Juneau is the capital city of Alaska. Juno is the Roman name for the queen of the Olympian gods who served as the goddess of women and childbirth. Juno is also the tale of a pregnant sixteen-year-old. Oddly enough, Jason Reitman’s Juno does not take place in Alaska.
After Juno MacGuff (Ellen Page) drops her cherry-covered panties and has sex with her friend, Paulie Bleeker (Michael Cera), she is faced with an unplanned pregnancy. Juno initially considers abortion, but later converts to the idea of giving the baby up for adoption.
When Juno discovers an endearing husband and wife’s picture in the local “Pennysaver,” she decides to meet the potential adoptive couple. At their meeting, Juno agrees to give Mark (Jason Bateman) and Vanessa Loring (Jennifer Garner) her child and opts for a closed adoption. However, as her trimesters progress, Juno learns more about Paulie, Mark, and Vanessa’s viewpoints, which impact the ultimate outcome.
Juno takes place over four seasons (autumn, winter, spring, and summer in that order). To think that this ordered progression is coincidental is laughable. Juno’s nine months with child plays out as follows: she descends in autumn, becomes cold in winter, and births a child in spring. What’s more, the movie ends right around the time that June could be the month on the calendar. June, the sixth month of the Gregorian calendar, is also named after the goddess Juno, wife of Jupiter and protector of marriage.
Diablo Cody’s script contains some of the freshest dialogue in years. With quotes like, “that [pregnancy test] ain’t no Etch-a-Sketch; this is one doodle that can’t be undid,” and the conversation about growing a mustache, Juno is hip and edgy. The very manner in which Juno speaks is intriguing and offbeat, and by placing the picture’s memorable lead into countless memorable situations, Juno is a production to cherish.
With its cartoon-scribbled credits and sweet indie charm, Juno is billed as a cross between Napoleon Dynamite and Little Miss Sunshine. In fact, a Jon Heder look-alike appears as one of Juno’s lab partners. And, while you won’t be seeing any dancing at the climax, Juno is much more deserving to take home multiple Oscars than last year’s overpraised Little Miss Sunshine.
What is most fascinating about Juno is watching the title character learn, grow, and develop into the kind of girl she wants to be. More than anything, Juno is about the longevity of relationships and upending the tradition of falling in love first then procreating.
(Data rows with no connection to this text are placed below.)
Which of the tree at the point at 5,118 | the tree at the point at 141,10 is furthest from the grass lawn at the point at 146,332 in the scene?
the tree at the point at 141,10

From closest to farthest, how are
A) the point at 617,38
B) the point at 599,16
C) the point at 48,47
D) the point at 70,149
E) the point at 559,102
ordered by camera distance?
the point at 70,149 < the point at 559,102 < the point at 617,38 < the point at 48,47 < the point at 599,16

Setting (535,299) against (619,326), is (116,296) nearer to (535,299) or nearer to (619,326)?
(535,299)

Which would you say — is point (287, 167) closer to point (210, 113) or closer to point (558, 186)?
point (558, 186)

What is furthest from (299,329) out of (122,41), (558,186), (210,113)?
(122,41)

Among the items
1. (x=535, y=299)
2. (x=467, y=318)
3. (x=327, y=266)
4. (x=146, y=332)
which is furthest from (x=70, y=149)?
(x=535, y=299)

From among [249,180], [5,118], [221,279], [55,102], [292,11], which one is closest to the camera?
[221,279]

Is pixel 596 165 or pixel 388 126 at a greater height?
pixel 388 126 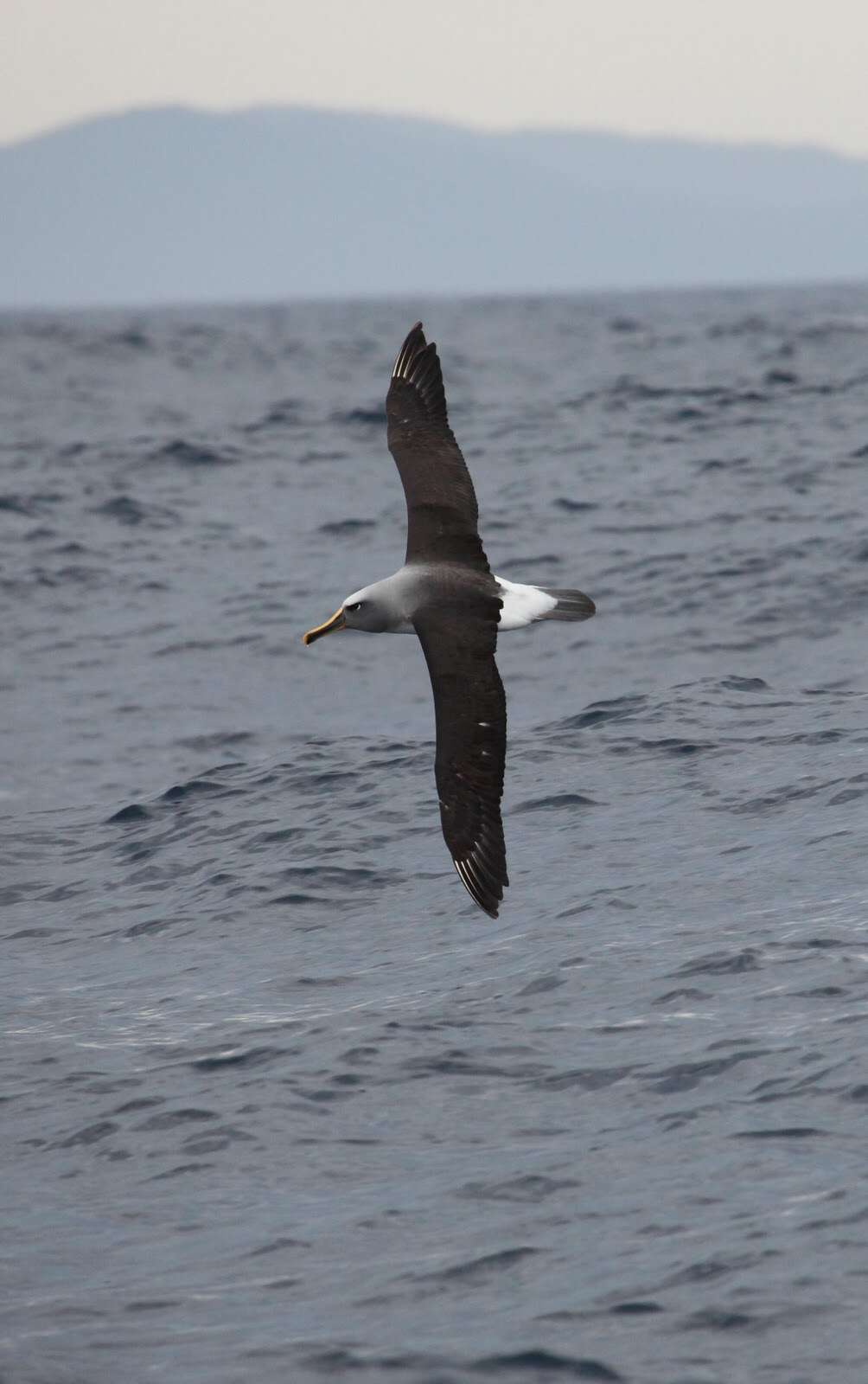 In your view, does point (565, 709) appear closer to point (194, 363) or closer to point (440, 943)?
point (440, 943)

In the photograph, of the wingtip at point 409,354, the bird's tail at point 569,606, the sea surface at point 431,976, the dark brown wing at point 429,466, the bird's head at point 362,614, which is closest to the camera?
the sea surface at point 431,976

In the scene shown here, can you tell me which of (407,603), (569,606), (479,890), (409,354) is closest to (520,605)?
(569,606)

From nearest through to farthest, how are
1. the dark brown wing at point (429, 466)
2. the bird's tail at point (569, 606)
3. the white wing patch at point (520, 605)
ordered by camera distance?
1. the white wing patch at point (520, 605)
2. the bird's tail at point (569, 606)
3. the dark brown wing at point (429, 466)

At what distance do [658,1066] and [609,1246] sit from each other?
156cm

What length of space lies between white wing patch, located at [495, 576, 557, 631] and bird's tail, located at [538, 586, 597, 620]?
0.04 m

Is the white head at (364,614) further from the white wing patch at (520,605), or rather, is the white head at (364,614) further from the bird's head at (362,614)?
the white wing patch at (520,605)

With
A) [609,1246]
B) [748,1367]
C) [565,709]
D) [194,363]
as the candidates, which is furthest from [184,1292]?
[194,363]

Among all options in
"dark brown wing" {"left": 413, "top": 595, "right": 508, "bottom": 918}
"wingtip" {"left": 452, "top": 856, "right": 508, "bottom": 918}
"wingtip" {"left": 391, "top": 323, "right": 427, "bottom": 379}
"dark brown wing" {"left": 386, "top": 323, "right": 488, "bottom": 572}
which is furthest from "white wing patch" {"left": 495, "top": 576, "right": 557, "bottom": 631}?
"wingtip" {"left": 391, "top": 323, "right": 427, "bottom": 379}

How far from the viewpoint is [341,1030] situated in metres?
10.0

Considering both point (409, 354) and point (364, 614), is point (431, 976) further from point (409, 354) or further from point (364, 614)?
point (409, 354)

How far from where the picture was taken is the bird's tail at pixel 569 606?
1166cm

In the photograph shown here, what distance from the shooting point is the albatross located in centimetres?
1041

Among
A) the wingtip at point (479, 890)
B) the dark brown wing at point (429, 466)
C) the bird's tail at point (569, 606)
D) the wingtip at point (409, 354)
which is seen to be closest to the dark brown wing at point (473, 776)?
the wingtip at point (479, 890)

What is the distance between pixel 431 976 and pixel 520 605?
2.24 metres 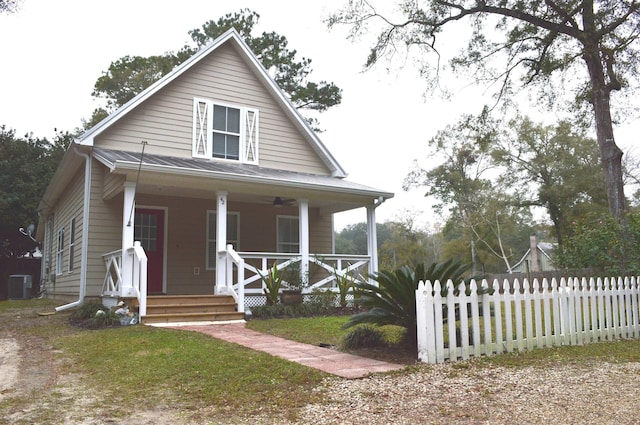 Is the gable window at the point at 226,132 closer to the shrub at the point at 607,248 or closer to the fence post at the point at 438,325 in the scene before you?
the shrub at the point at 607,248

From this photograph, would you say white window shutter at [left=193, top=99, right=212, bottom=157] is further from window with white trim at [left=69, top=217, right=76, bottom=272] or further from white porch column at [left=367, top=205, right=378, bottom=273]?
white porch column at [left=367, top=205, right=378, bottom=273]

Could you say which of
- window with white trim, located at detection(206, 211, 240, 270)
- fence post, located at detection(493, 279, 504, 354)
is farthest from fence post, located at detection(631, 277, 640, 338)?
window with white trim, located at detection(206, 211, 240, 270)

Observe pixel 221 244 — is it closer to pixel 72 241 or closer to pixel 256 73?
pixel 72 241

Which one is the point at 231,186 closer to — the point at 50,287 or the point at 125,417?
the point at 125,417

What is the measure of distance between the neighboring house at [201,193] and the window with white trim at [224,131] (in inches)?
1.1

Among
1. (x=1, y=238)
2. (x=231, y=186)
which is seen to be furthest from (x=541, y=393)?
(x=1, y=238)

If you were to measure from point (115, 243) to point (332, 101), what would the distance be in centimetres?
1789

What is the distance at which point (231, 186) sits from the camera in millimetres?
10883

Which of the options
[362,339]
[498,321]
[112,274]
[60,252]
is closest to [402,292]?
[362,339]

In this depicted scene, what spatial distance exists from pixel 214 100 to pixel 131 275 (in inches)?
219

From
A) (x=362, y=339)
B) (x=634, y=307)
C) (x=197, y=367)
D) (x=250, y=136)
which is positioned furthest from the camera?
(x=250, y=136)

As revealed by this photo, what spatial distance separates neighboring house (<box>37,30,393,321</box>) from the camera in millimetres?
10555

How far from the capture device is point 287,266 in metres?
11.1

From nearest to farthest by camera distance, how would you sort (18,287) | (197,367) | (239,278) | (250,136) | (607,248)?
1. (197,367)
2. (607,248)
3. (239,278)
4. (250,136)
5. (18,287) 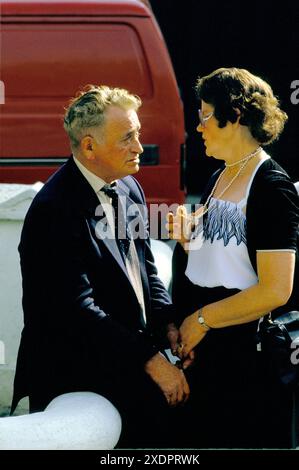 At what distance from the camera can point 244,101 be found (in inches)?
98.4

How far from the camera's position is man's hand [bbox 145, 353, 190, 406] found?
8.57 feet

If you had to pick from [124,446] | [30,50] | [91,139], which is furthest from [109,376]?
[30,50]

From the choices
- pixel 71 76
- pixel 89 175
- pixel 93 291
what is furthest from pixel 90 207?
pixel 71 76

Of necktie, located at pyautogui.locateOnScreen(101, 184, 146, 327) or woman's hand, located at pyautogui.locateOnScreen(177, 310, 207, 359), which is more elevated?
necktie, located at pyautogui.locateOnScreen(101, 184, 146, 327)

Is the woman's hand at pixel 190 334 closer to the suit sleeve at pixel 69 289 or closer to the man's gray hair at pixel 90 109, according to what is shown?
the suit sleeve at pixel 69 289

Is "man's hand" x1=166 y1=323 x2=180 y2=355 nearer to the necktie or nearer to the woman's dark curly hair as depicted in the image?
the necktie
It models an unplanned pregnancy as a speed bump and a blessing in disguise. When Juno asks her father, “[Is it] possible that two people can stay happy together forever?” we want to hold her hand and convince her that it’s possible.
With nothing to complain about from Page, Cera, Garner, Bateman or otherwise, Juno proves to one of the best motion pictures that 2007 had to offer. Specifically, add Page’s pitch-perfect portrayal to an intelligently comedic script, and you arrive at the entertainingly real Juno. And best of all, “it started with a chair,” and “it ended with a chair.”